Autre danger révélé par Amnesty : l’utilisation
du Taser au moindre prétexte. « Ces armes peuvent donner
lieu à des abus car elles sont portables et faciles à
utiliser », note le rapport. Selon l’organisation, les
policiers ont utilisé leur Taser contre des écoliers
indisciplinés, des individus souffrant de troubles mentaux,
des suspects non armés, des automobilistes à peine
récalcitrants... « Quelle que soit la modernité
du matériel, c’est l’état d’esprit
dans lequel il est employé qui compte, relève Éric
Blondin, secrétaire général du Syndicat de
la police nationale. C’est bien s’il n’y a que
la volonté de faire de la police et non pas de jouer en permanence
au justicier. »
À voir. Pour le moment, le ministère de l’Intérieur
estime que les principaux risques liés à l’utilisation
de cette arme restent la lourde chute après paralysie. Les
futurs utilisateurs devraient recevoir une formation spécifique.
Et s’assurer notamment que la cible n’est pas en surplomb
d’un immeuble ou d’un escalier au moment du tir. Quant
aux polémiques nées autour de l’usage de ce
pistolet par des policiers de Miami contre des enfants ou par des
soldats lors d’interrogatoires en Irak, elles sont balayées
d’un revers de main. « De tels dérapages sont
à exclure en France, jure le ministère, car il ne
sera pas possible de l’utiliser sans laisser de trace. »

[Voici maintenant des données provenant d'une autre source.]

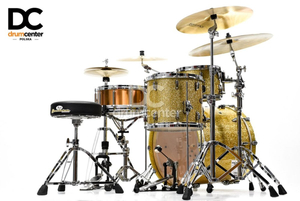 Pearl Masters Maple Reserve MRV924XEFP/C347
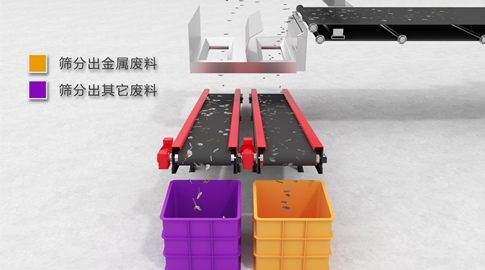 動(dòng)力系統(tǒng)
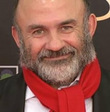 Emilio Gavira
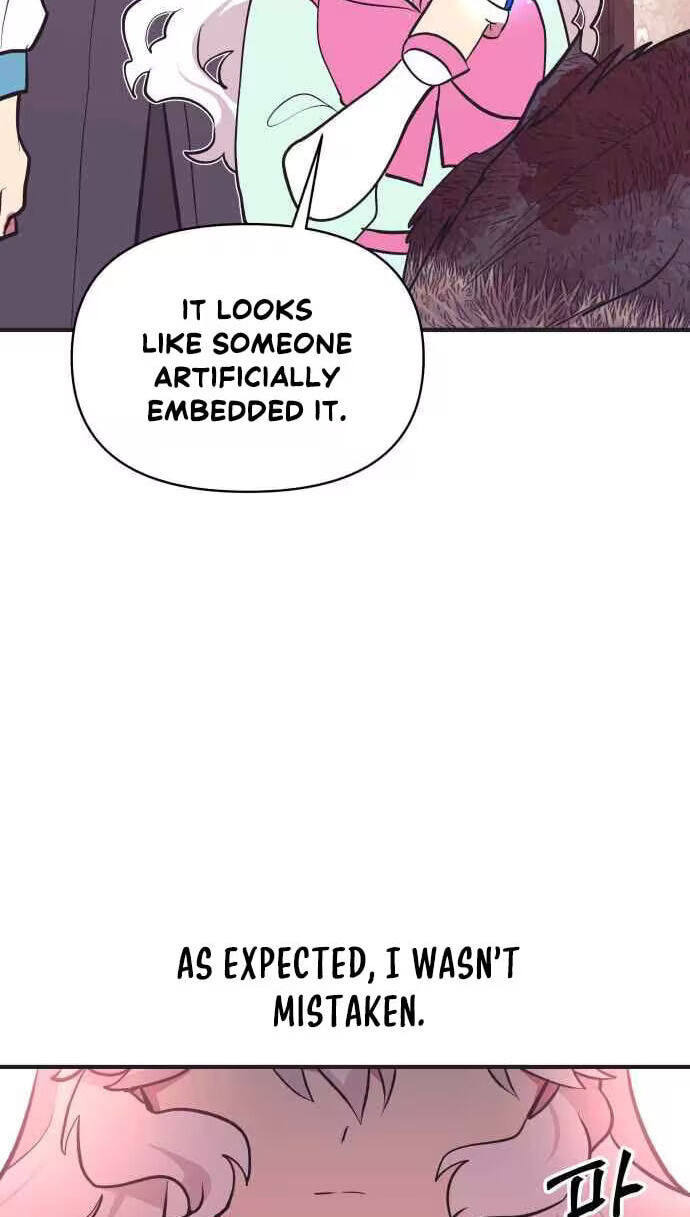 Netsiui Bimil Chapter 5 page 70 -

Les Taser de la police française seront dotés d’une
« boîte noire » relevant la date, l’heure
et la durée de la décharge. De même, une micro-caméra
et un système d’enregistrement audio se déclencheront
dès que le pistolet sera actionné. De quoi assister
à la bavure. Pas de l’éviter.
Laurent Mouloud
Article paru dans l'édition du 21 septembre 2005.